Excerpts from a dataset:
————————

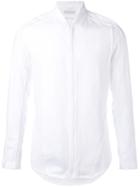 Abasi Rosborough - Collarless Shirt - Men - Cotton - M, White, Cotton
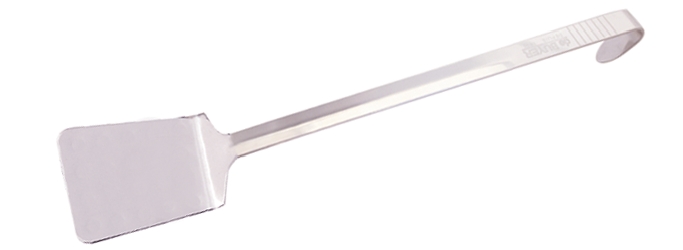 BAKSCHEP 10X7CM EFFEN GEBOGEN RVS DE BUYER
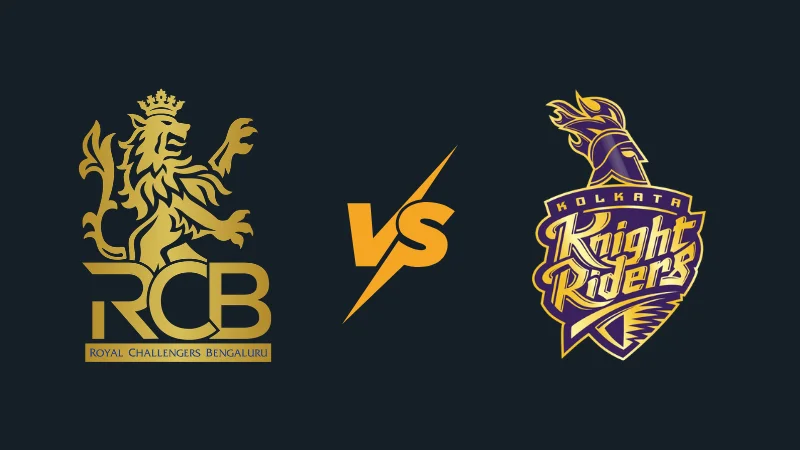 RCB vs KKR head to head IPL record showing complete match stats wins and key player battles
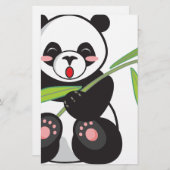 Cute Panda Briefpapier (Voorkant / Achterkant)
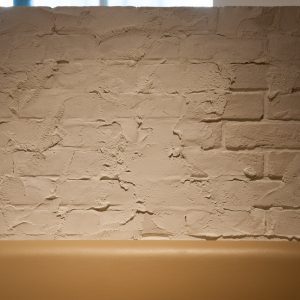 タイル・プラスター - 左官とタイルのコラボレーション壁での施工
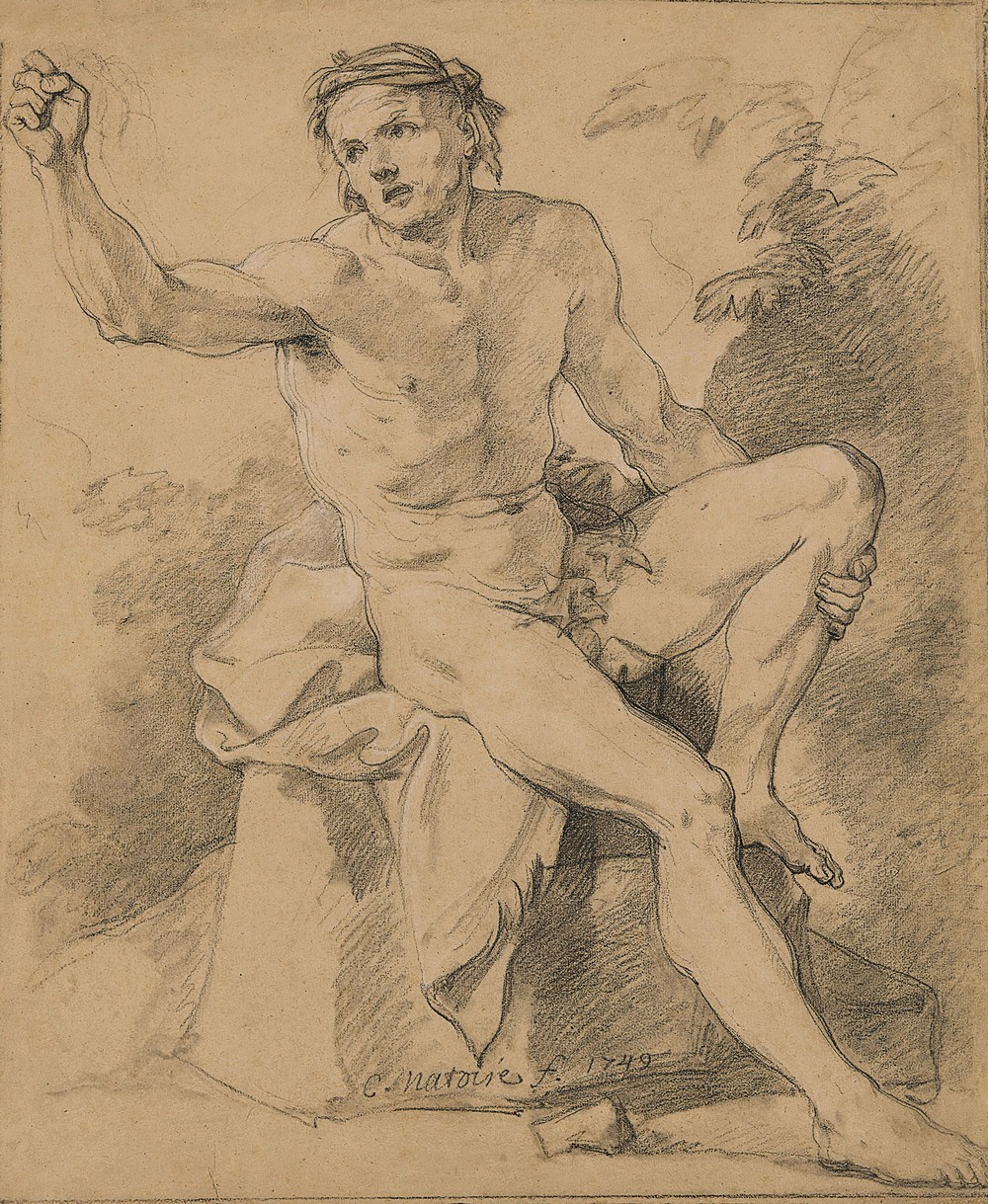 Académie d’homme nu assis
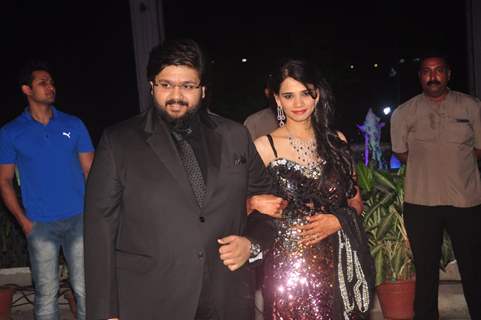 Smita Thackerey's Son with his wife at their Wedding Reception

————————

Each record above should be duplicated word for word, with no pictures included.

 Abasi Rosborough - Collarless Shirt - Men - Cotton - M, White, Cotton
 BAKSCHEP 10X7CM EFFEN GEBOGEN RVS DE BUYER
 RCB vs KKR head to head IPL record showing complete match stats wins and key player battles
 Cute Panda Briefpapier (Voorkant / Achterkant)
 タイル・プラスター - 左官とタイルのコラボレーション壁での施工
 Académie d’homme nu assis
 Smita Thackerey's Son with his wife at their Wedding Reception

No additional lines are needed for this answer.